Haberlin’s Hellcop – made with Poser
I only just noticed that Brian Haberlin has a new comic, Hellcop. Same style and wild sci-fi as the earlier Sonata and Lighthouse (collected Nov 2021), and I definitely recognise that Poser monowheel, the steampunk rifle etc. So I’m 99% certain the production is still Poser + his usual studio workflow.
Seems to have debuted October 2021 and then raced through the issues, possibly monthly? Hellcop is already in a trade “Vol. 1” which collects issues #1-5, and I see that issue #9 just came out last week. So I’m guessing the title’s second 5-issue story-arc will be finished by the end of the summer. I’m not used to such a fast pace, and often hand-drawn comics issues are glacial in appearing and you wait ages (sometimes years) for an actual concluded story. But I guess that’s what Poser does for you, speeding up production.

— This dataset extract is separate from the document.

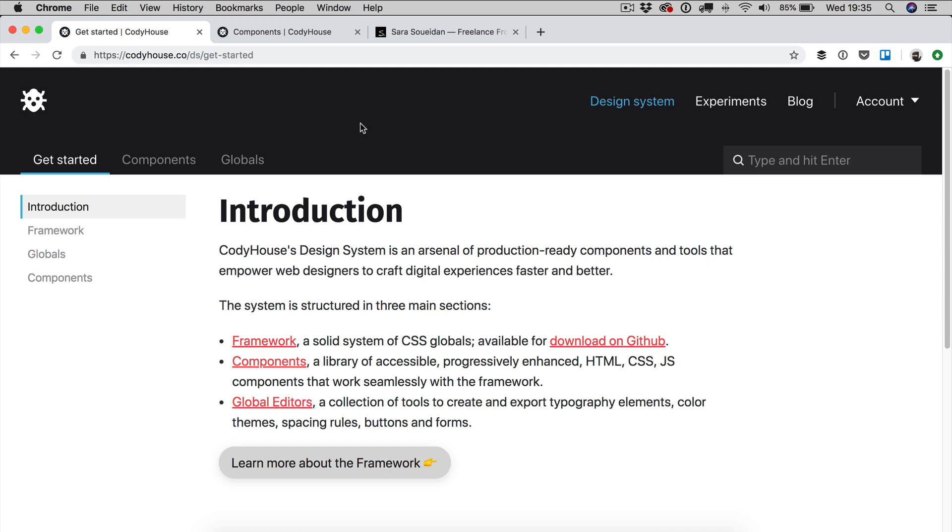Hello everyone, Sebastiano here of CodeHouse.co. In this video I want to show you how to create a dark theme for your web project and how to switch from a light to a dark theme.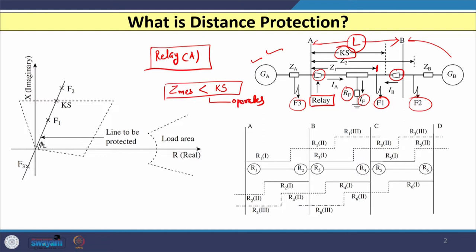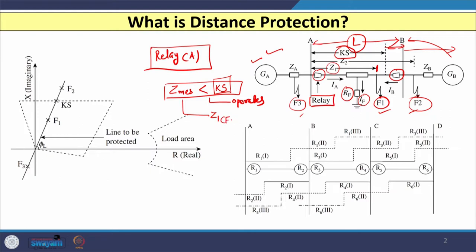Each distance relay has three zones. The first zone covers 80 percent of the line length and is the instantaneous operation zone. The second zone is a time-delayed zone covering the remaining 20 percent plus 50 percent of the adjacent line. The third zone is also time-delayed and covers the end of the next-to-next substation. For fault F1, measured impedance Z1 is less than Ks, so the relay operates.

Disco Elysium wants sci-fi artists
The developers of the latest ‘hot thing’ in art generating AIs, Disco Elysium, are seeking sci-fi artists with a love of outer space. The lads at ZA/UM are at the starting process of making their first game, presumably incorporating AI-gen art elements. The game news site DualShockers and magazine PC Gamer report the game will use Unreal Engine 5 rather than Disco Elysium’s Unity engine, so familiarity with both Unity and Unreal will probably be needed by applicants.
Changes at ShareCG
A new annoying behaviour on the popular freebies site ShareCG today. Once you click “download” the site won’t let you do anything else with it, until the download has completed. Not even click through to another page. So be wary of casually starting a long download, because the rest of the site will then be frozen.
Call: Fantasies Attic
Fantasies Attic has a call for donations of Annual Community Gifts of Poser / DAZ freebies, for release at Halloween and Christmas. Note that pre-release testers are also very welcome.
Launch: Dall.E 2
DALL.E 2. has launched in beta. $15 effectively buys you three or four text prompts per day, across a month. The lucky beta “users get full usage rights to commercialize the images they create”. There’s also a bung for those around the world who can’t afford that… “Artists who are in need of financial assistance will be able to apply for subsidized access.”